Zora didn’t conceive of the Corvette. He didn’t shepherd it from concept to production. He didn’t drive one to a championship. He didn’t have much to do with its styling. Yet Zora Arkus-Duntov is, inarguably, the most important person in the history of Chevrolet’s fiberglass-bodied sports car, so it’s only fitting that he was inducted into Bloomington Gold's Great Hall in 2013.

Zora's Grand Sport
Zora's Mule
2012 Concours D'elegance

Born in Belgium in 1909, Duntov began racing motorcycles and cars when he was 18 and parlayed that interest into a degree in mechanical engineering from the Institute of Charlottenberg in Berlin. He, his wife, and brother fled Europe in 1939, settling in New York, where he and his brother engineered and produced the Ardun hemispherical overhead-valve cylinder heads for the flathead Ford V-8. As legendary as the Ardun heads became, he and his brother couldn’t sell enough to remain in business, so in 1950 Duntov went to work for Sydney Allard, both to assist in producing Allard’s Ford-engined sports cars and to race them. From 1952 to 1955, Zora drove in the 24 Hours of Le Mans, the first two years in Allards and the latter two in Porsches.

 

In 1952, Duntov returned to New York, where, a year later, he visited the Motorama at the Waldorf Astoria Hotel to see the new Corvette. That encounter inspired him to write a letter to Chevrolet’s Ed Cole, who in turn hired Duntov as an assistant staff engineer. Duntov, who eventually became the Corvette’s chief engineer, made it his mission at GM to turn the Corvette into a true sports car; to that end, he pushed for the small-block Chevrolet V-8 to replace the Corvette’s six-cylinder engine.

 

Late in 1955, before the name “Corvette” became a household word signifying America’s sports car, a young Russian-born Chevrolet engineer named Duntov was toiling away almost anonymously in an effort to make his leftover factory mule into a record-breaker. Over a year earlier, Chevrolet Chief Engineer and three-time Indy 500 winner Mauri Rose had Daytona legend Smokey Yunick install an experimental V-8 engine into a 1954 Corvette test mule, which was given the factory designation EX87. When its testing duties were completed, it was given to Zora Arkus Duntov at Chevrolet Engineering to prepare for a high-speed record run at Daytona Beach.  
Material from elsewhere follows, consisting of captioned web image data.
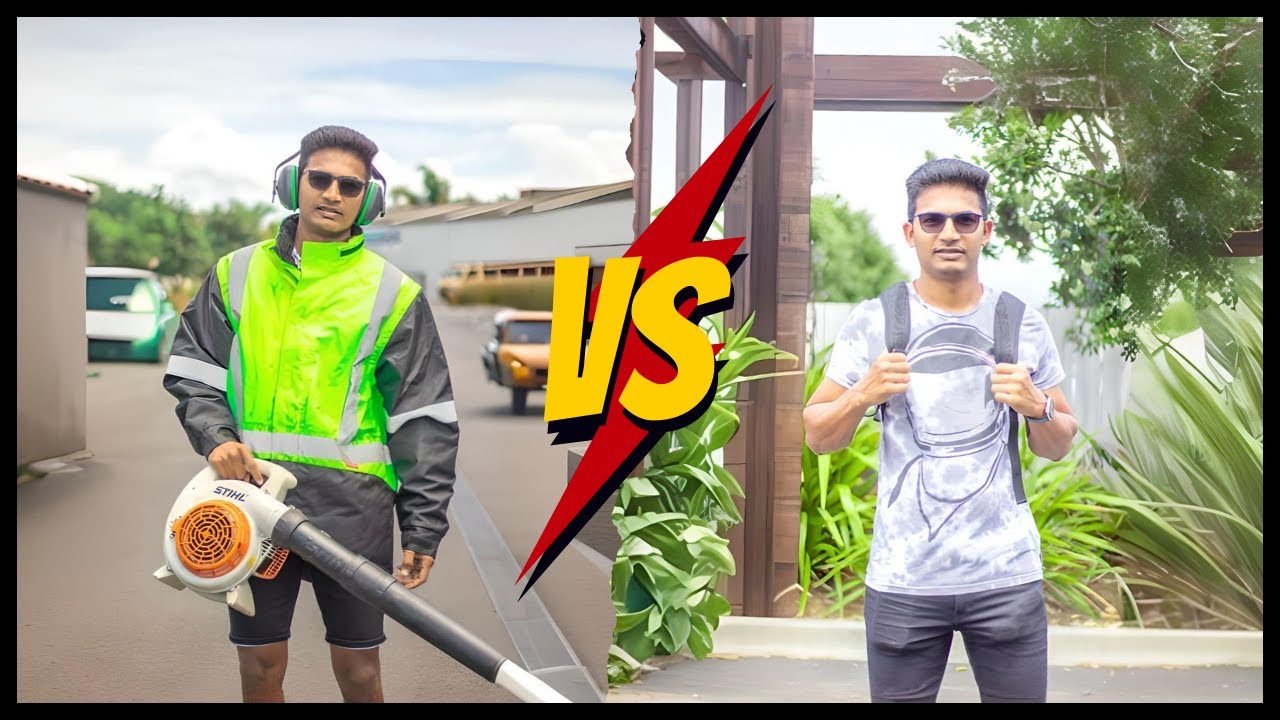 Work Visa vs Student Visa | Which is Better? | New Zealand for Study and Work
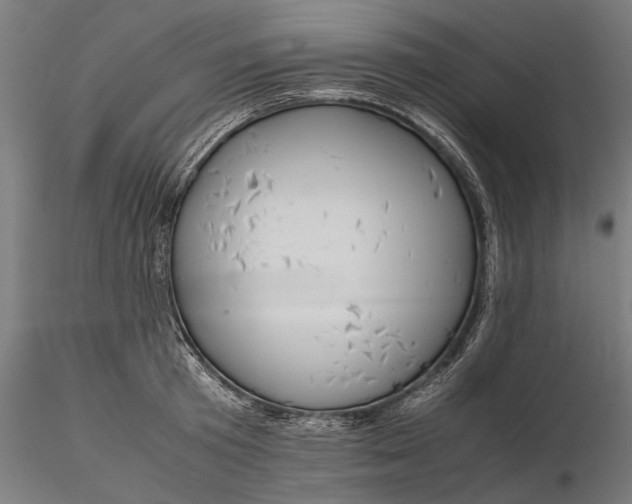 X0000116330801200912151304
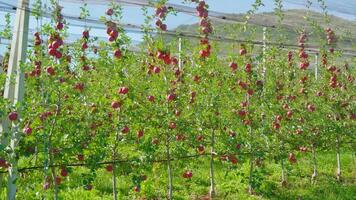 Fruits hang on apple tree branches in orchard under mesh video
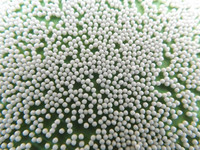 High Quality White Sugar Pellet Excipient 710-850μm Flavoring Agents Available for Wholesale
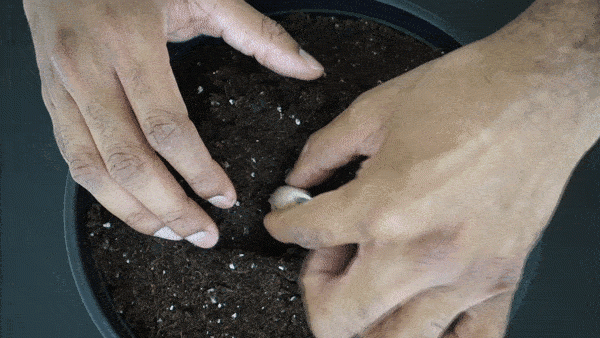 Mẹo trồng tỏi trong cốc nhựa cực kỳ đơn giản, mấy tháng sau có tỏi sạch ăn mãi không hết - 9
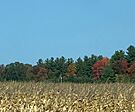 Field and trees in Frankenmuth, Michigan, US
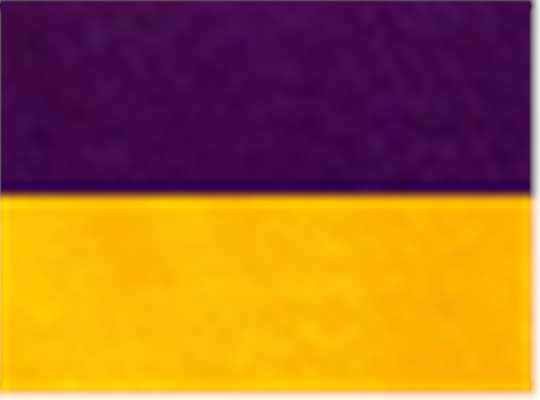 Swatch for Purple/ Gold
Duntov’s mule was assigned a new tracking number, 5951. Duntov modified the car by replacing the windshield with a curved plexiglass windscreen adding a belly-pan and fitting a fiberglass tonneau cover over the passenger side of the cockpit  to improve aerodynamics. Borrowing from recent Jaguar practice, Duntov also fabricated a fiberglass headrest-tailfin for high speed stability. In addition, they fabricated a tuned exhaust that Duntov designed himself. To Duntov’s dismay, the resulting speed was far short of his goal of 150 mph.

 

From his European racing days, Duntov knew that the camshaft was the one component that had the most potential to boost the engine’s output sufficiently to allow the Corvette to reach the target speed. Duntov’s new camshaft was quickly fabricated and installed in the test engine at Chevrolet Engineering where it achieved 240 hp at 6000 rpm. The car was shipped to GM’s Desert Proving Grounds in Mesa, Arizona where Duntov drove it to just over 156 mph. He had reached his goal and was now ready to attempt the record run under NASCAR supervision at Daytona Beach.

 

Duntov’s cam earned lasting notoriety as the “Duntov cam” by helping the car blast off to a record 163 miles per hour, an astounding figure in 1955. That same engine was later installed in another famous Corvette, 6901, which set a new record at Daytona of 150.583 mph. Smokey Yunick passed away in 2001. His widow called Smokey’s old friend Steve Tate to come to Daytona, saying that she had “some stuff around the shop” and he should see if there was anything he wanted. That was when Steve discovered an engine marked “Record Run”- the very engine Smokey had installed in EX87/5951 46 years earlier.